À certains égards, le récent boom de copropriétés neuves rappelle celui de la fin des années 1980 et du début des années 1990. À cette époque, le créneau des condos était en vogue et la construction s’est avérée nettement trop forte par rapport à la demande. La récession qui a sévi en 1990-1991 n’a fait qu’empirer les choses : les pertes massives d’emplois et l’ascension des taux d’intérêt hypothécaires qui ont approché les 15% ont fait fuir les acheteurs potentiels.
Du coup, de nombreuses unités ont mis beaucoup de temps à trouver preneur et certains promoteurs ont eu recours à des courtiers immobiliers pour écouler leurs inventaires. Le marché de la revente s’est rapidement retrouvé avec un important surplus de condominiums à vendre. Le ratio vendeurs/acheteur a culminé à près de 50 à Québec et a excédé 30 à Montréal au milieu des années 1990, soit bien au-delà de la zone d’équilibre de 8 à 10 vendeurs par acheteur.
Cette situation excédentaire a entraîné une longue période de stagnation des prix des condominiums, qui a même été ponctuée de courtes baisses tout au long de la décennie 1990. Le marché des condos a notamment été difficile pendant plusieurs années dans la grande région de Montréal et dans celle de Québec.
Aujourd'hui, le contexte économique québécois n'est certes pas tout à fait similaire à celui des années 1990, mais on peut tout de même s'interroger : l’essor de la construction neuve risque-t-il d’inonder le marché, de provoquer un surplus généralisé et par suite d’entraîner une baisse de prix des condominiums au Québec?

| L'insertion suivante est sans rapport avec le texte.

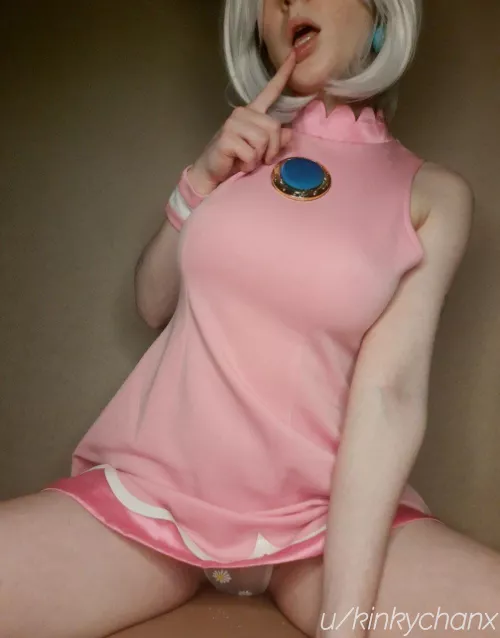 👑 Let me be your Princess Peach, Daddy 👑 by kinkychanx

Attention au marché haut de gamme à Montréal
Même si le marché de la revente de copropriétés est globalement à l’équilibre dans la province (ration de 8 à 10 vendeurs par acheteur), la situation est différente selon la gamme de prix. C'est que le marché haut de gamme est déjà en surplus, d'après l'étude de Desjardins.
Dans la grande région de Montréal, cela concerne globalement les condos dont le prix excède les 800 000 dollars; et sur l'île-même, le million de dollars. Il y a des zones géographiques où c'est plus criant qu'ailleurs : parmi la trentaine de zones analysées par Desjardins Études économiques pour la grande région de Montréal, seulement trois se trouvent dans cette situation, c'est-à-dire avec un ratio vendeurs/acheteur situé entre 16 et 20. Il s'agit des condos existants de 800 000 à 1 million de dollars du secteur Ville-Marie (centre de l’île), ceux entre 300 000 et 400 000 dollars à Laval et ceux de 200 000 à 300 000 dollars à l’Est de la Rive-Nord. «Les nouvelles constructions dans ce créneau représentent donc un risque important», dit Hélène Bégin, économiste principale, dans son étude.
Ce n'est pas tout. Certaines zones comportent un risque «très élevé», car le ratio vendeurs/acheteur excède le seuil de 20. C’est le cas pour les copropriétés de plus de 1 million de dollars dans la grande région de Montréal et sur l’île-même. Et en périphérie, la situation est «critique» sur la Rive-Nord pour les appartements de 300 000 à 400 000 dollars.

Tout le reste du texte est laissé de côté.